=== Section Start ===

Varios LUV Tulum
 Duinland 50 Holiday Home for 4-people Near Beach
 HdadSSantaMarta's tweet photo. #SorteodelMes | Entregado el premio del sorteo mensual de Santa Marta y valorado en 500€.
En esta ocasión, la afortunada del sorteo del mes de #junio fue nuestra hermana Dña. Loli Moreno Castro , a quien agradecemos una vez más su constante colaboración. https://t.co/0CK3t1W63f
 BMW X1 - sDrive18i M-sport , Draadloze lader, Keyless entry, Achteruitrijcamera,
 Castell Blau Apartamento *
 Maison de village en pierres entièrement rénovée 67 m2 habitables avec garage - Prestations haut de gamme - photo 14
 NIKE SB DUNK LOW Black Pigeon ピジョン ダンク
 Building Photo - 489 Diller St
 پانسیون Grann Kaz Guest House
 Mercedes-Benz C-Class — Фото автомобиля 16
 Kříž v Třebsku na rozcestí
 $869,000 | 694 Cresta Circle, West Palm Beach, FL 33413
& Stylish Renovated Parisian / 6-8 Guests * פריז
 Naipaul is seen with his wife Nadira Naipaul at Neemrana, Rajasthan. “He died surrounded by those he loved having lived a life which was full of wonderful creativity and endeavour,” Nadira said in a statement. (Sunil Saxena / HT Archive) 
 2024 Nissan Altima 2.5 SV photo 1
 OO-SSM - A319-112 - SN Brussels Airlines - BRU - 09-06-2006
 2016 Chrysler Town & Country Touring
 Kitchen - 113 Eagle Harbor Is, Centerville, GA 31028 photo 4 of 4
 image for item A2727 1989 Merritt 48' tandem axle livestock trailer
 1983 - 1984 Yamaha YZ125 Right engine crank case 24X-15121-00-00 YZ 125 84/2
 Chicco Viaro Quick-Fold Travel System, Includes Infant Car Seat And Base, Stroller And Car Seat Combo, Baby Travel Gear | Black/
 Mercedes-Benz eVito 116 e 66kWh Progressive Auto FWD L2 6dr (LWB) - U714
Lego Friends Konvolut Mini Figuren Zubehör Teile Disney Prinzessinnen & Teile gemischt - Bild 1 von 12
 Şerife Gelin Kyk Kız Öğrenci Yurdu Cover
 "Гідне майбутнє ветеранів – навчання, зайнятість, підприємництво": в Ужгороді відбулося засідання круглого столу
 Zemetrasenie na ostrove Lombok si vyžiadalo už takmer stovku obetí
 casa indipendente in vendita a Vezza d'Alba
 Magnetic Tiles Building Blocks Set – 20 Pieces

=== Section End ===

▶ _EXERCISE_: Make an exact copy of all the entries above.

▶ _RESULT_:
Varios LUV Tulum
 Duinland 50 Holiday Home for 4-people Near Beach
 HdadSSantaMarta's tweet photo. #SorteodelMes | Entregado el premio del sorteo mensual de Santa Marta y valorado en 500€.
En esta ocasión, la afortunada del sorteo del mes de #junio fue nuestra hermana Dña. Loli Moreno Castro , a quien agradecemos una vez más su constante colaboración. https://t.co/0CK3t1W63f
 BMW X1 - sDrive18i M-sport , Draadloze lader, Keyless entry, Achteruitrijcamera,
 Castell Blau Apartamento *
 Maison de village en pierres entièrement rénovée 67 m2 habitables avec garage - Prestations haut de gamme - photo 14
 NIKE SB DUNK LOW Black Pigeon ピジョン ダンク
 Building Photo - 489 Diller St
 پانسیون Grann Kaz Guest House
 Mercedes-Benz C-Class — Фото автомобиля 16
 Kříž v Třebsku na rozcestí
 $869,000 | 694 Cresta Circle, West Palm Beach, FL 33413
& Stylish Renovated Parisian / 6-8 Guests * פריז
 Naipaul is seen with his wife Nadira Naipaul at Neemrana, Rajasthan. “He died surrounded by those he loved having lived a life which was full of wonderful creativity and endeavour,” Nadira said in a statement. (Sunil Saxena / HT Archive) 
 2024 Nissan Altima 2.5 SV photo 1
 OO-SSM - A319-112 - SN Brussels Airlines - BRU - 09-06-2006
 2016 Chrysler Town & Country Touring
 Kitchen - 113 Eagle Harbor Is, Centerville, GA 31028 photo 4 of 4
 image for item A2727 1989 Merritt 48' tandem axle livestock trailer
 1983 - 1984 Yamaha YZ125 Right engine crank case 24X-15121-00-00 YZ 125 84/2
 Chicco Viaro Quick-Fold Travel System, Includes Infant Car Seat And Base, Stroller And Car Seat Combo, Baby Travel Gear | Black/
 Mercedes-Benz eVito 116 e 66kWh Progressive Auto FWD L2 6dr (LWB) - U714
Lego Friends Konvolut Mini Figuren Zubehör Teile Disney Prinzessinnen & Teile gemischt - Bild 1 von 12
 Şerife Gelin Kyk Kız Öğrenci Yurdu Cover
 "Гідне майбутнє ветеранів – навчання, зайнятість, підприємництво": в Ужгороді відбулося засідання круглого столу
 Zemetrasenie na ostrove Lombok si vyžiadalo už takmer stovku obetí
 casa indipendente in vendita a Vezza d'Alba
 Magnetic Tiles Building Blocks Set – 20 Pieces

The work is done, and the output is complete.